L.A. artist commemorates Monterey Park victims with portraits

L.A. artist commemorates Monterey Park victims with portraits

When Jonathan D. Chang visits the 626, he typically wears a black hoodie emblazoned with a colourful print of Guangong on the again. A army basic from the Three Kingdoms period turned Taoist guardian deity, Guangong, or Guan Yu, is thought all through China and components of Vietnam as a logo of wealth and safety. Chang’s hoodie options his personal design of the deity, which he drew in traditional chibi style with an enormous head and smaller limbs.

Jonathan D. Chang stands facing the vigil at Star Dance Studio in Monterey Park on Jan. 25, 2023.

Jonathan D. Chang stands going through the vigil at Star Ballroom Dance Studio in Monterey Park final week. A drawing of a Guangong is printed on the again of his hoodie.

(Helen Li / Los Angeles Occasions)

“Once I was rising up, I used to be all the time type of petrified of the determine as a result of it was a purple face,” Chang says. “Ugly, intimidating, nevertheless it was actual.”

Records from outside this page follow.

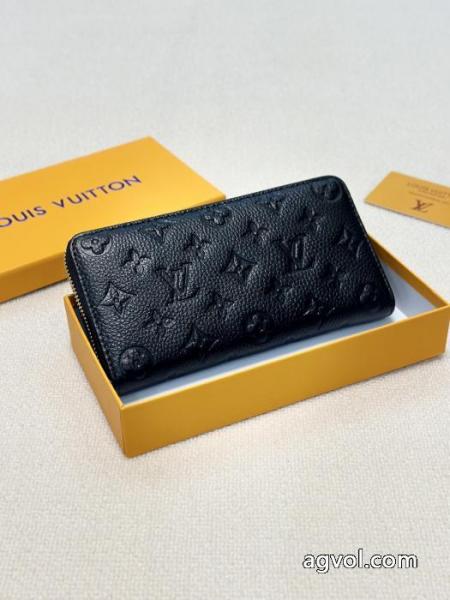 財布ブランド コピー 販売大人気モデル 上品で優しい雰囲気に NEWトップスLOUIS VUITTON 5 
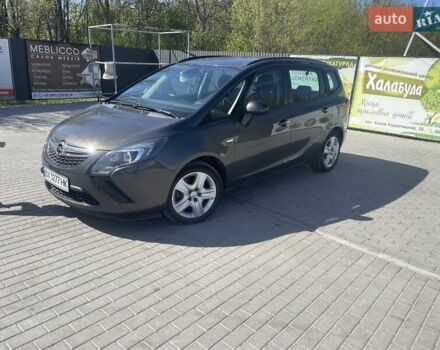 Серый Опель Зафира, объемом двигателя 2 л и пробегом 220 тыс. км за 10750 $, фото 2 на Automoto.ua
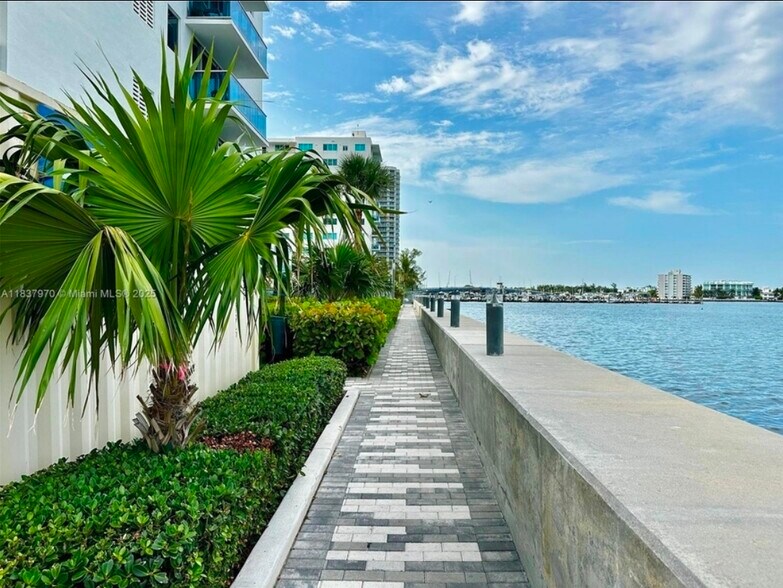 Building Photo - 7501 E Treasure Dr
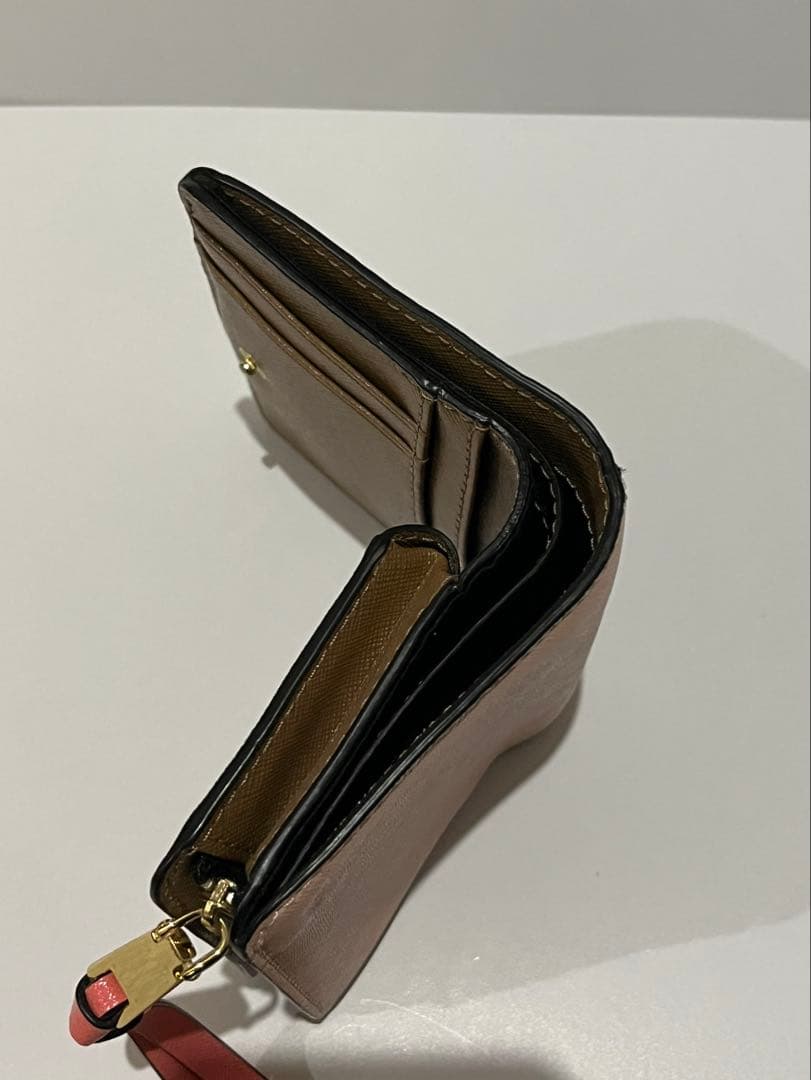 【大特価最終SALE】Marc Jacobs 二つ折り財布 黒 ピンク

Lately, Guangong has been on Chang’s thoughts lots. “I really feel like there’s a lot negativity and violence taking place. Wouldn’t or not it’s good if there was a determine defending us after we really want it?”

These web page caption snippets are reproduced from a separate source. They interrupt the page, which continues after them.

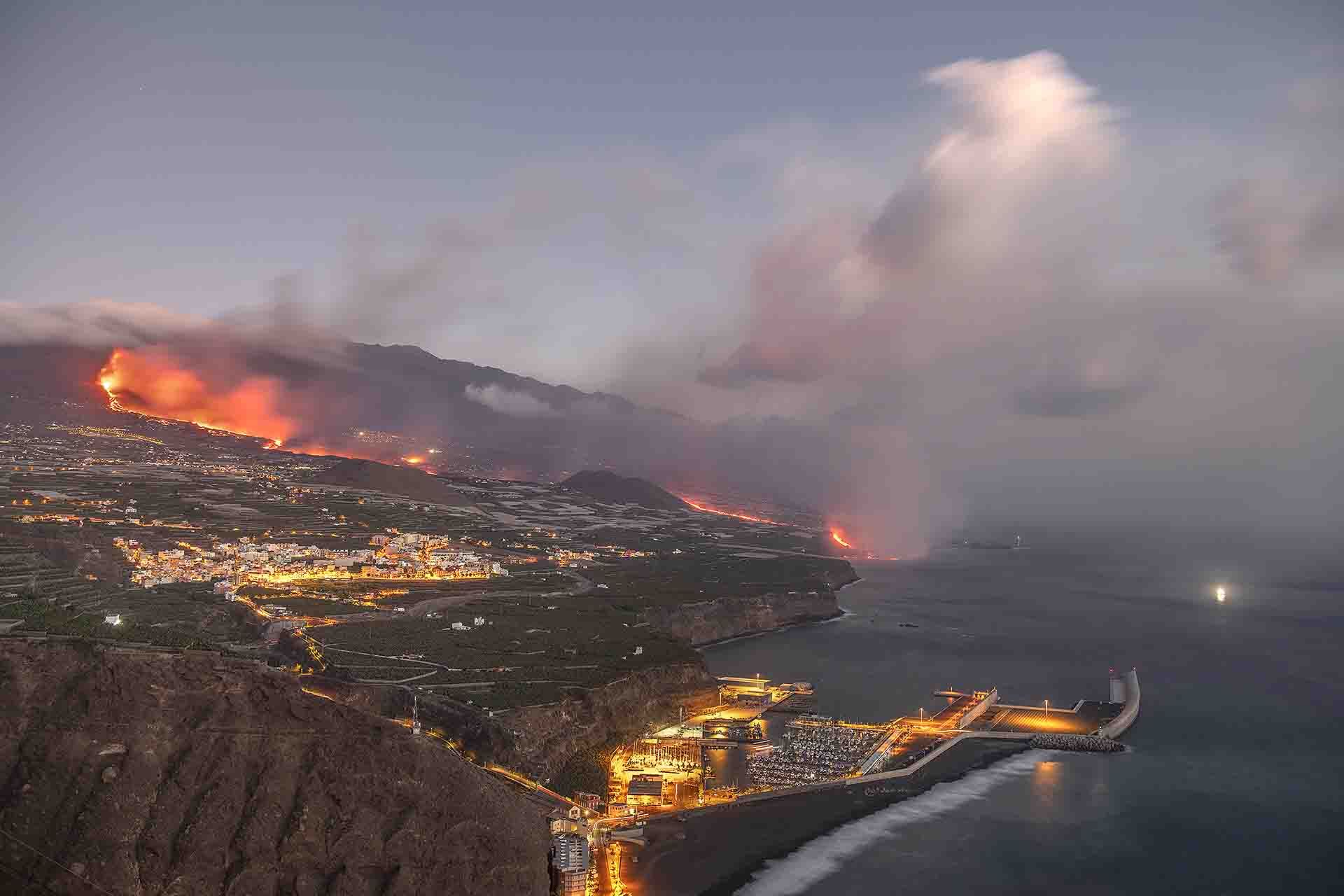 Vista de la lava que fluye hacia el mar desde las bocas del volcán de La Palma (Canarias) / Foto: Saul Santos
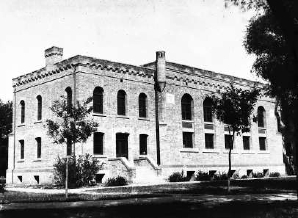 1922年，潞河中学文氏楼。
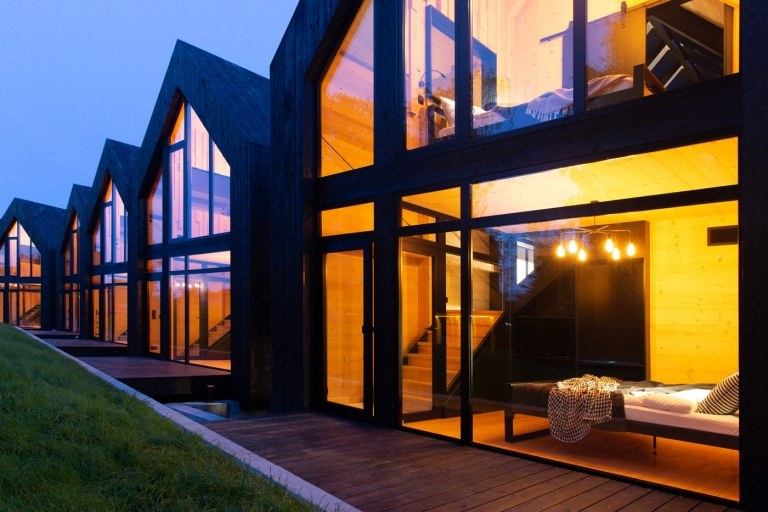 Smart Home Geräte Ferienhäuser bodengleiche Fenster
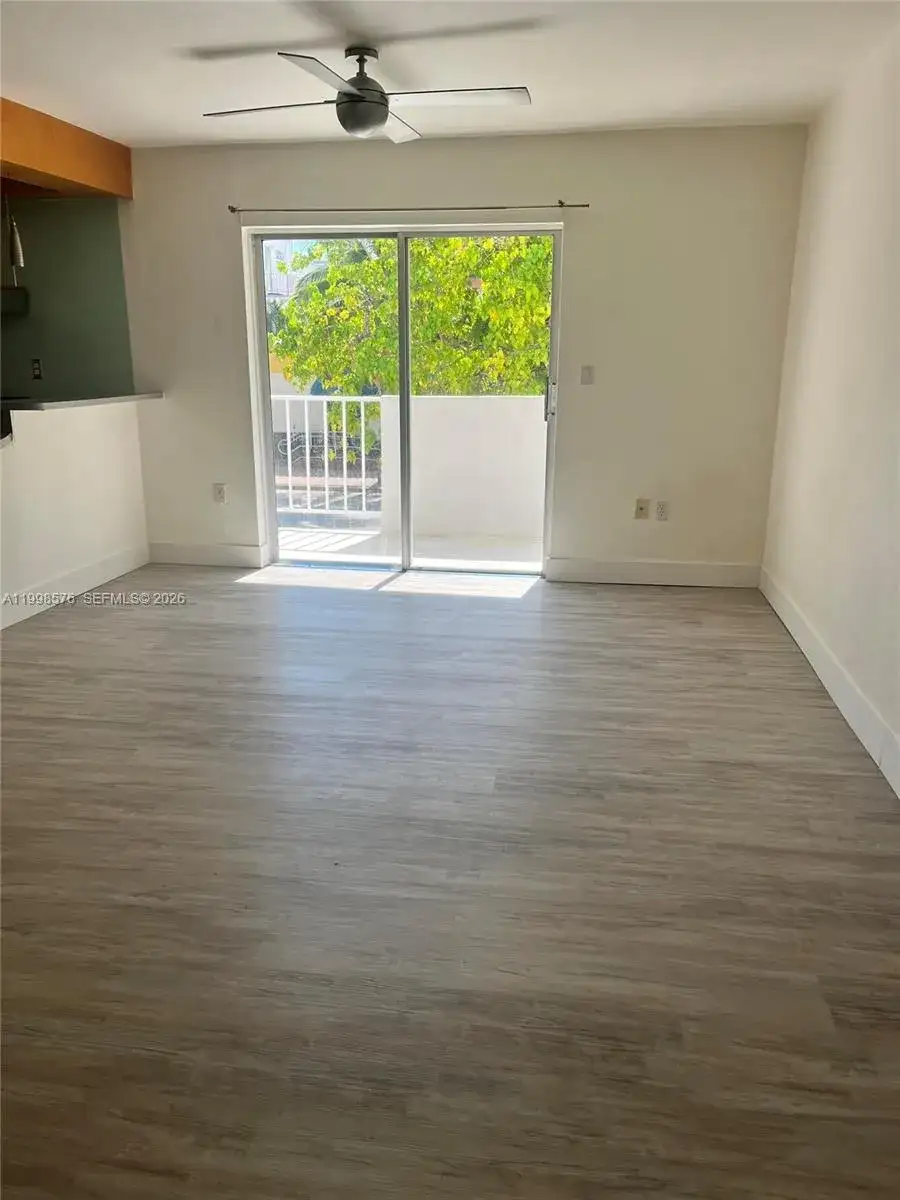 240 Collins Ave, Miami Beach FL 33139 photo 2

As Chang displays on this, he’s standing on the outer ridge of a vigil final Wednesday night on the Star Ballroom Dance Studio in Monterey Park, the place a gunman killed 11 individuals on the primary day of the Lunar New 12 months. Chang was shocked to study of the shootings; he had been in Alhambra the evening earlier than, consuming New 12 months’s Eve dinner together with his mom and grandparents. “I by no means thought it will occur in our space, particularly our personal yard — a spot that so many Asian People on this space name house. It’s the place we go to eat dim sum with our grandparents or have our first date with our girlfriends,” he says.

Whereas wrestling with grief, Chang determined to attract illustrations of the victims, depicting Ming Wei Ma, 72; Mymy Nhan, 65; Diana Tom, 70; Xiujuan Yu, 57; Valentino Marcos Alvero, 68; Yu-Lun Kao, 72; Hongying Jian, 62; Wen-Tau Yu, 64; Chia Ling Yau, 76; Muoi Dai Ung, 67; and LiLan Li, 63. Every portrait, drawn with a Wacom Intuos Professional pill and edited utilizing Adobe Photoshop, has vibrant colours. Chang shared these portraits on his Instagram, with captions detailing every individual’s life and the affect they’d on these round them, and linking to GoFundMe campaigns launched by surviving relations.

Monterey Park shooting victim Mymy Nhan.

Monterey Park taking pictures sufferer Mymy Nhan.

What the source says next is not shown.